Ashnikko may also owe her success to the fact that she’s savvier than TikTok’s brand managers and her team at Various Artists, which tells her to keep milking TikTok for everything it’s worth. “Big companies don’t get to dictate how a song develops on TikTok. It is totally up to the people on TikTok,” she says, speaking from her family’s North Carolina home. Ashnikko knows better than anyone that social-media users and the fans themselves have become the ultimate gatekeepers. And that they can smell bullshit from a mile away.

Born on February 19, 1996, Ashton Casey, the eldest of three children, grew up in a Christian family. She still carries herself with the bumptious pride of a 5-year-old who has just learned her first swear word. In middle school, she wrote a story about her friend, one of her teachers, and “loads of pooping”; it led to her suspension. “The girl in that story, Emily, took her own shit in her hand and rubbed it into her hair and called it ‘butt-chicken booty works,’ ” she says, bursting into laughter. Her mom, who is sitting behind her, sighs. “I don’t like that you disrespected your teacher,” she says, “but it was written really well.” Ashnikko is almost 25, but the way she talks can sometimes make it easy to forget she’s not a teen. “Everyone reverts back to a child when they’re around their mom, don’t they?” she says at one point while ribbing her mom in a strong North Carolina drawl. “Go away, Mom, you slut!” and “No, Mom. I called you a power slut. It’s a good thing.”

When her family relocated to Riga, Latvia, for work, just before she started ninth grade, Casey began to withdraw further into her world of stories and scatology. Aside from her brothers, she was the only American kid in school. At night, she read Neil Gaiman books and wrote raps. “I wrote lots of songs; they were really bad,” she says. Then she found Tumblr.

An enclave for the socially alienated, Tumblr had a significant impact on this new generation of feminist and queer artists. Joining the platform around the same time as TikTok favorites Doja Cat and Princess Nokia, Ashnikko discovered a new world of fantasy fanfiction, porn, and intersectional feminism, all of which have since become core components of her music. (“Cisgender heterosexual men / I’m bored of your fumbling hands,” she sings, like a Tumblr test-tube baby, on an upcoming song called “Clitoris! The Musical.”)

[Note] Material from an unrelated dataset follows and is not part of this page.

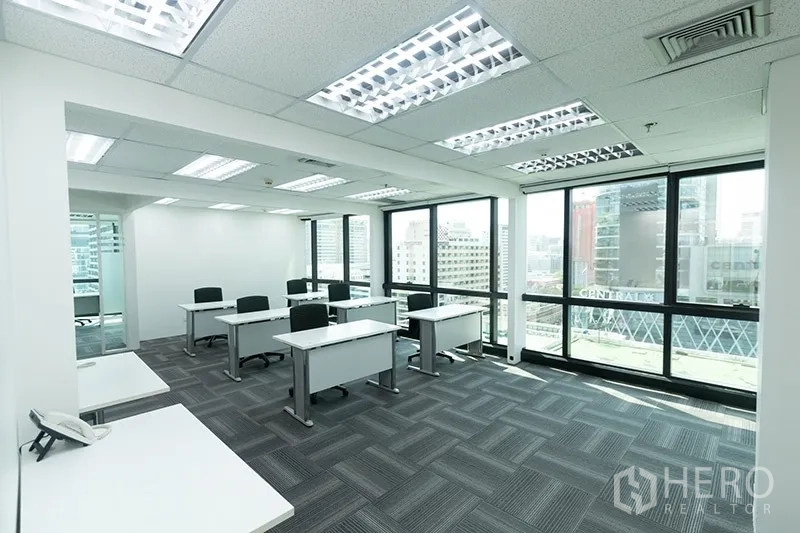 Office Space for rent - Workspace with multiple workstations, carpet tiles and wall-to-wall windows offering urban views.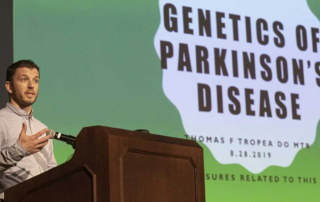 Dr. Tropea, a man speaking at a podium in front of slide labeled "Genetics of Parkinson's Disease."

Photo: Charlotte Rutherford

At 18, Ashnikko moved from Latvia to London, certain that she would find the path to her rap career somewhere in the city. She spent her first two weeks there on an Italian man’s couch. (“Sometimes he’d watch me in my sleep,” she says.) It was another two weeks before she began performing at open mics. “I don’t want to talk about it,” she says, a phrase she repeats whenever I push for more details about her past. “I don’t remember. It was so long ago.” She says she also doesn’t remember her first meeting with a music executive in 2015. OddChild, a London-based label with a taste for the eccentric, discovered her SoundCloud page and began managing and developing her, leading Parlophone to sign her for a single EP deal that resulted in 2017’s Sass Pancakes.

Ashnikko bristles when her older music is brought up too. She says she can no longer listen to anything pre-2018; the songs from Sass Pancakes make her want to cry. There’s a clear before and after in her short discography. As with most talented teenagers, the precociousness of her earlier music has since given way to a slick, laconic pop sensibility. “Now I’m confident in my ability to write songs,” she says. “I feel like a songwriter. Before, I was just trying to be that, but I had no idea what it took. All of a sudden, I became what I wanted to be, and I was like, Oh shit.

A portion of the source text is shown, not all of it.